Yoğun seçim gürültüsünde karambola gelen konulardan biri de, Türkiye’nin adım adım iç savaş kaosundaki Suriye’yle savaşın eşiğine getirilmesi.
Ancak en çarpıcı olanı, Başbakan’ın sonuçları Suriye’ye askerî müdahale ve savaşa “onay” olarak yorumlaması. “Balkon konuşması”nda, “Suriye şu anda bizimle savaş halinde. Uçaklarımızı taciz ediyorlar” çıkışı, orduyu Suriye’ye sokmanın sinyallerini çakması.
Nitekim Dışişleri Bakanlığı’nda yapılan “gizli Suriye toplantısı”nda konuşulanlar, Suriye‘yle savaş senaryosu”nu deşifre ediyor.
Yüksek güvenlikli bir yer olan, jammerlerle dışarıdaki kayıt cihazları ve sistemin körleştirildiği ve veri akışının mümkün olmadığı belirtilen “sağır oda”yı dinlemenin ancak erişimi olan kişilerce yapılabileceği tesbitiyle varılan “Fail kesinlikle içeriden” hükmü elbette büyük bir skandal. Üst düzey güvenlik bürokrasisinin dinlenip “devlet sırrı”nın medyaya sızdırılması, öncelikle ciddî istihbarat ve güvenlik zaafını söz konusu ediyor.
“SURİYE İLE SAVAŞ” İLÂNI!
Başbakan’ın meydanlarda “Şu hale bak! Bu kadar önemli bir görüşmeyi ortam dinlemesi yaparak sen kime servis yapıyorsun” dediği, “alçaklık, adilik, namussuzluk!” sert tepkisini gösterdiği “Suriye tapesi”nin sızması fevkalâde vahim.
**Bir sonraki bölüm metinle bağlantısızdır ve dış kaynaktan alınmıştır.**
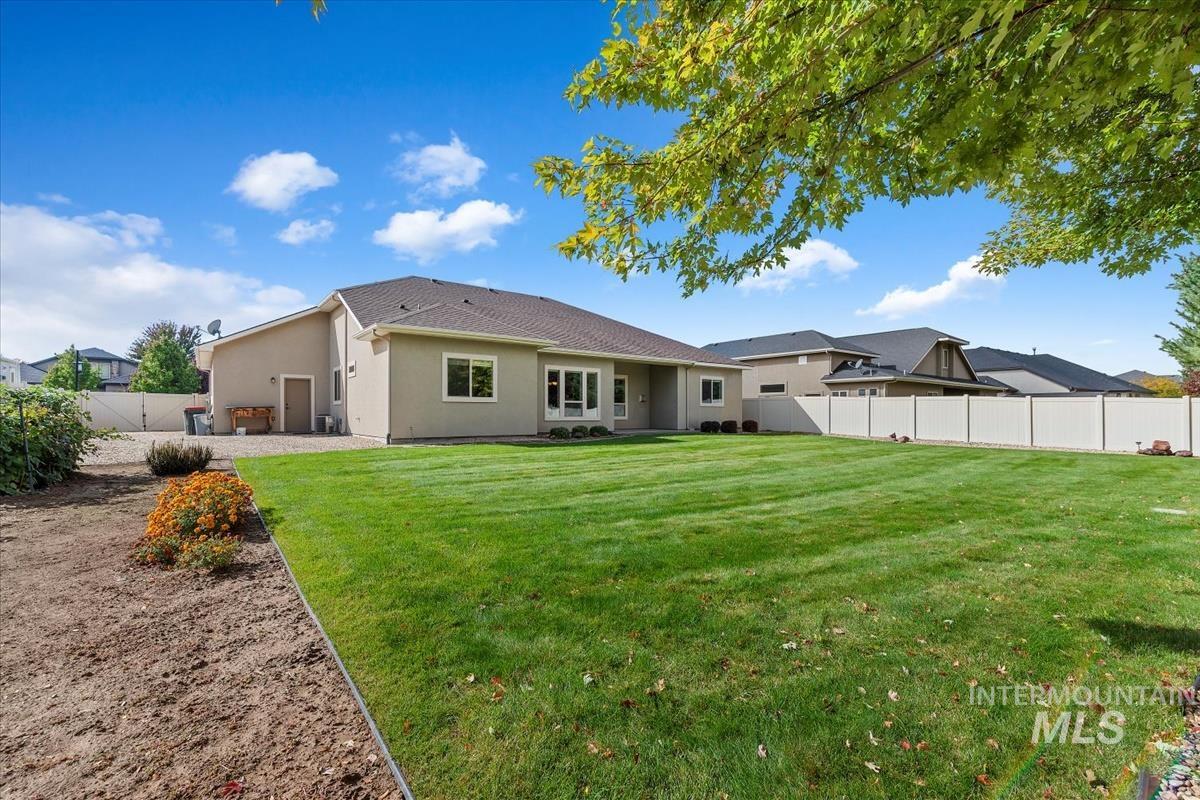 Back of property featuring a fenced backyard and stucco siding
Ancak “tape”deki diyaloglar çok daha vahim.
“Suriye ile savaş gerekçesi”nin uluslar arası arenada kabul görmesi için “Süleyman Şah Türbesi”ni ileri süren Dışişleri Bakanı, “Savaştan kaçındık” diyor; lâkin medyada ayrıntılarıyla yer alan ve hükûmet sözcüsünün “büyük ölçüde gerçek” dediği ses kayıtlarını teyid ediyor.
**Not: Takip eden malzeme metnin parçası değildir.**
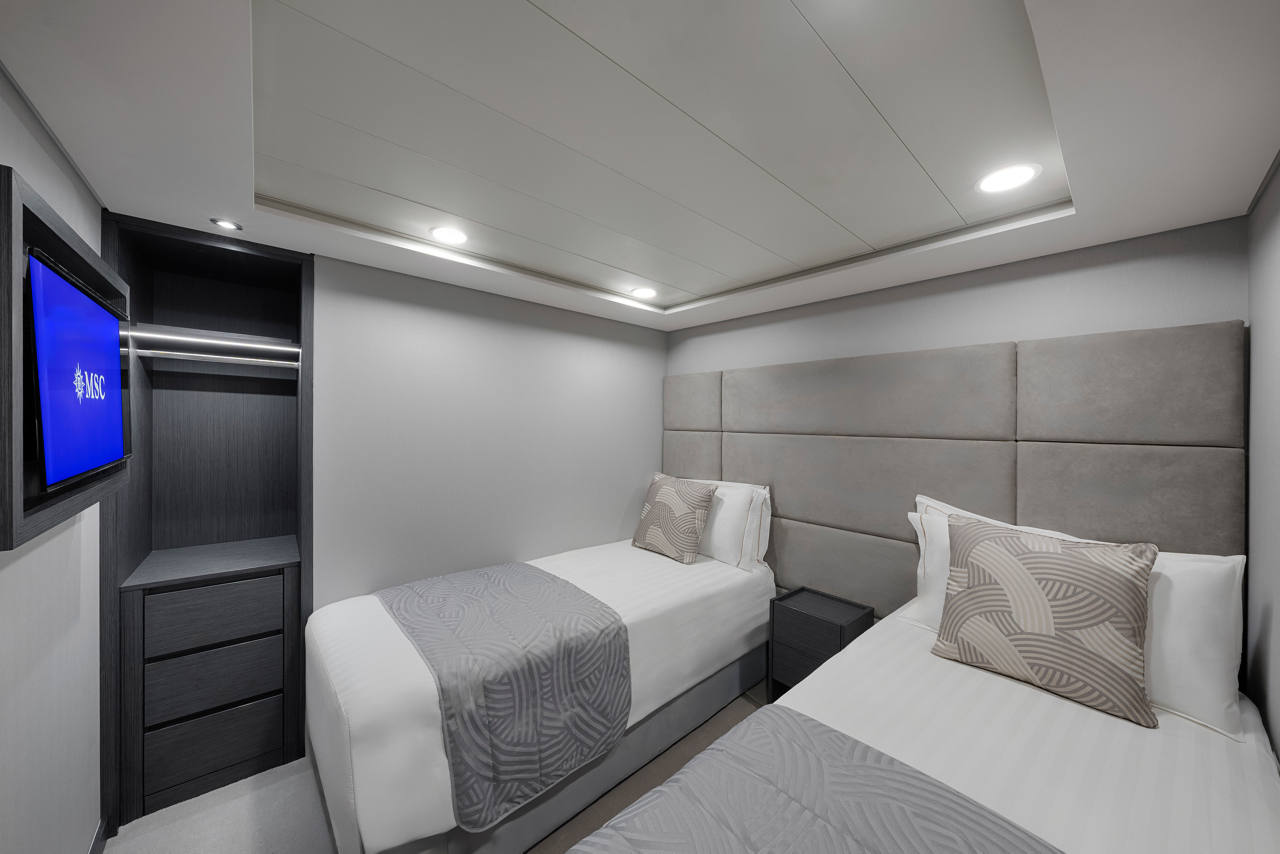 Bright room with two beds and a TV on the wall | MSC Cruises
Girdiği yerlerde Amerikan ve küresel ecnebilerin işgal ve müdahalesine zemin hazırlayan El Kaide bağlantılı Irak Şam İslâm Devleti örgütünün (IŞİD) Süleyman Şah Türbesini bombalama tehdidini savurması; Başbakan’ın “bunun bu konjonktürde imkân olarak değerlendirilmesi gerektiği” tâlimatıyla MİT Müsteşarına ait olduğu iddia edilen sesin “Gerekirse Suriye’ye dört adam gönderirim. Türkiye’ye sekiz füze attırıp savaş gerekçesi üretirim, türbeye saldırtırız” cevabı ve Genelkurmay İkinci Başkanı’na atfedilen “Yani yapacağımız iş direkt savaş sebebi” cümleleri, dehşeti ele veriyor.
Aslında Dışişleri Müsteşarına atfedilen, “Ulusal güvenliğimiz son derece pespaye ucuz bir iç politika malzemesi haline geldi” ifâdesi, ne denli tehlikeli bir savaş oyununun oynandığını gösteriyor.
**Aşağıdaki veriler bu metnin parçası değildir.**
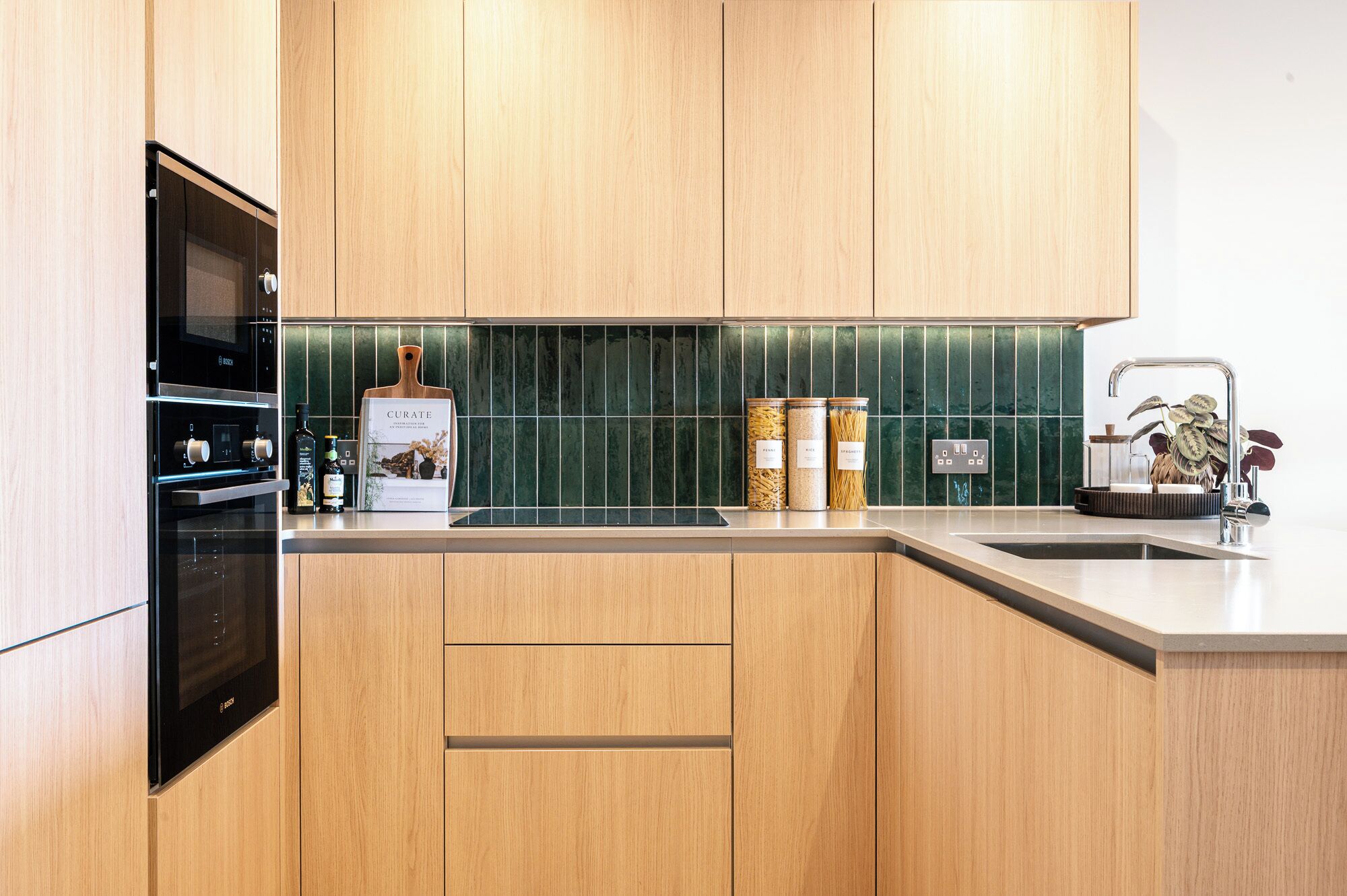 Una cocina moderna con armarios de madera, un horno negro y un salpicadero verde. Hay frascos de pasta y un libro en la encimera.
Başbakan’ın seçimin ilk seçim değerlendirmesinde, “Süleyman Şah Türbesi 10 dönüm bizim topraklarımızdır. Oraya olan her saldırı 780 bin kilometreye saldırıdır. Biz buna sessiz kalabilir miyiz?” sözleri dehşetli vartanın açık ikrarı oluyor…
ASKERÎ “MÜDAHALE TUZAĞI”
Özetle sömürgeci Batılıların aradığı ortamı hazırlayan taşeron aktör IŞİD’le Türkiye ajite ederek Suriye’ye askerî müdahale tuzağına çekiliyor. Ve ne yazık ki, Suriye ateşine odun taşıyan Ankara, Şam’la kapışmaya teşne. MİT Müsteşarının beyanıyla iki bin TIR’la “malzeme” gönderdikleri, Genelkurmay İkinci Başkanı’nın “mühimmat lâzım” dediği Suriye ateşine odun taşıyor.
Siyasî iktidar, Müslüman komşuyla savaşın maddî ve mânevî vebâlini taşıyabilecek mi?